Well, instead of the applied “shift by +10 channels”, you could also simply shift “h_Compressed” by -10 channels (no data are “lost” in this case):

t->Project("h_Small", "0.5 + Entry$", "v");
// ...
h_Compressed->GetXaxis()->SetLimits(0 - 10, n - 10); // as "h_Small", shifted by -10

However, I think the real problem is not just a simple “shift” but a change in the “ADC gain” (no data are “lost” in this case):

t->Project("h_Small", "0.5 + Entry$", "v");
// ...
h_Compressed->GetXaxis()->SetLimits(0, n / 1.5); // "ADC gain" correction

Thank you very much for your help!
It indeed seems that it’s a problem with a gain shift!

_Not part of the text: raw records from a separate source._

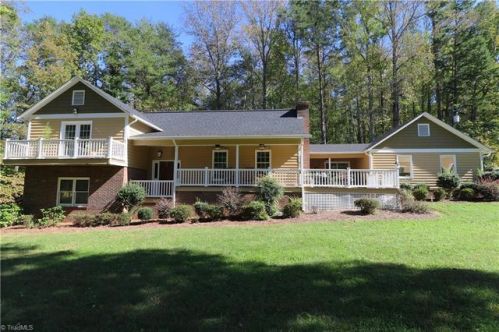 515 Greenlawn Dr, Asheboro, NC 27203-3323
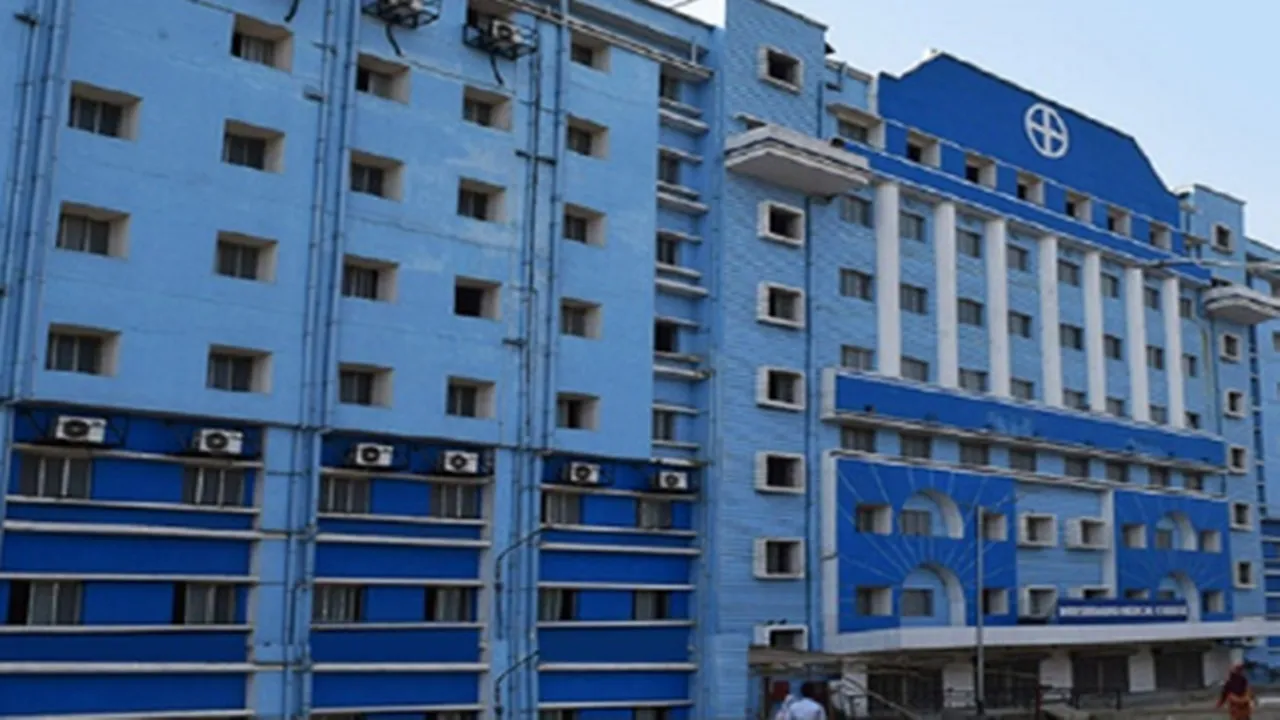 Cleaner arrested for molesting a girl student admitted to Diamond Harbour Hospital: CCU-তে ঢুকে নবম শ্রেণীর ছাত্রীর 'শ্লীলতাহানি', গ্রেফতার হাসপাতালেরই সাফাইকর্মী 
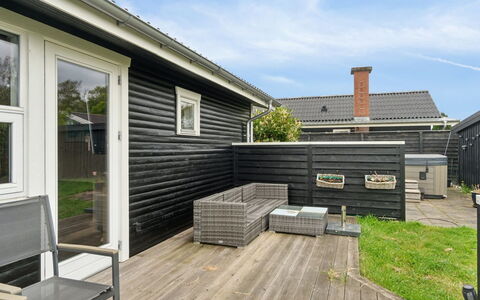 Ritha - 175M from the Sea: Træ, Tag, Arkitektur, Hjem, Hus, Sommerhus, Sidespor, Hårdttræ, Hældning, Estate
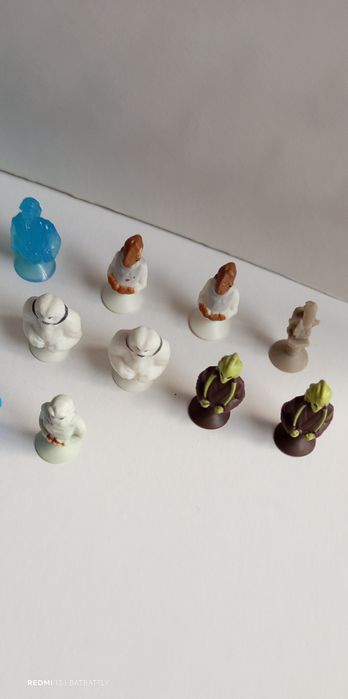 Conjunto 38 mini figurinhas filme triologia Star Wars Guerra Estrelas
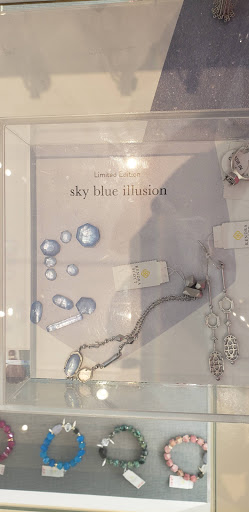Jewelry Store «Kendra Scott», reviews and photos, 310 E Basse Rd #101, San Antonio, TX 78209, USA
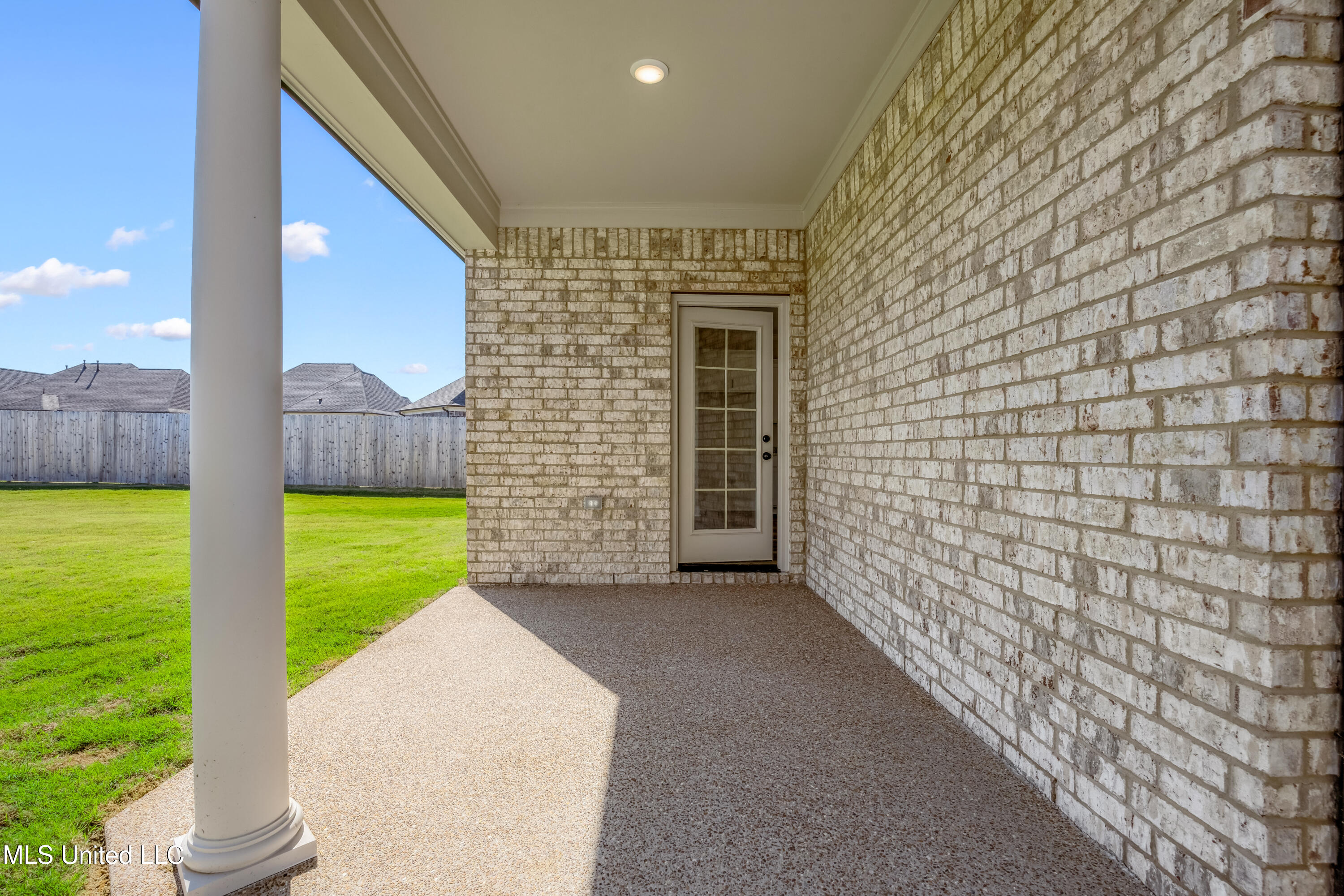 3740 Roland Drive Southaven, MS 38672 - Photo 32 of 35 Copy of backporch (2)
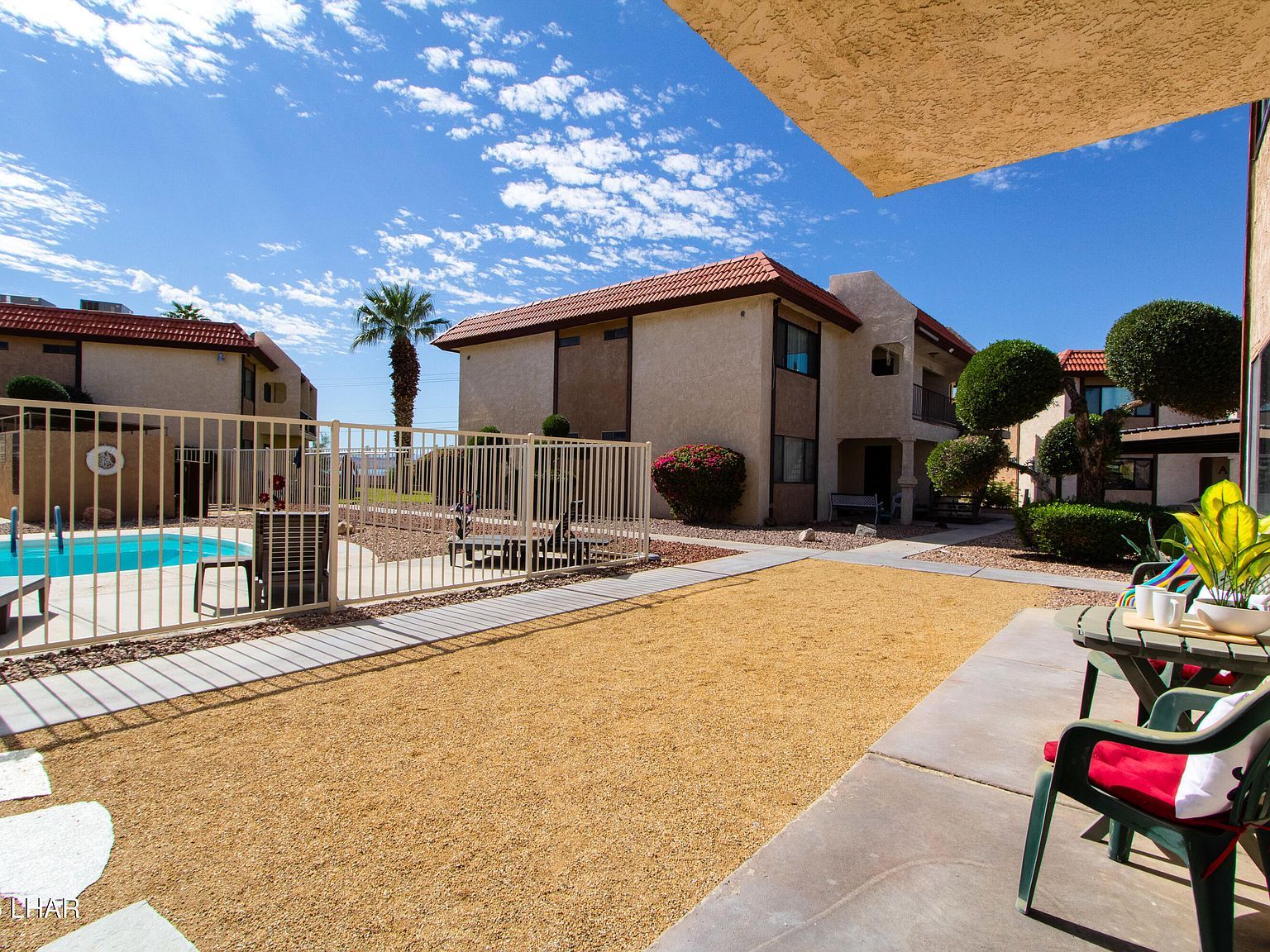 471 Lake Havasu Ave N UNIT B Lake Havasu City, AZ 86403 - Thumbnail 4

Note that you do not need to create “h_Compressed” with the binning similar to “h_Small” at all.
You can simply use “h_Big” as it is (i.e. draw it without “scaling” and “rebinning”):

h_Big->GetXaxis()->SetLimits(0, n / 1.5); // "ADC gain" correction
h_Big->ResetStats();

And, of course, you can also do it the other way around … instead of correcting “h_Big”, correct “h_Small” (after it’s been “filled”):

h_Small->GetXaxis()->SetLimits(0, h_Big->GetXaxis()->GetXmax() * 1.5); // "ADC gain" correction
h_Small->ResetStats();

That definitely sounds more straight forward!

This topic was automatically closed 14 days after the last reply. New replies are no longer allowed.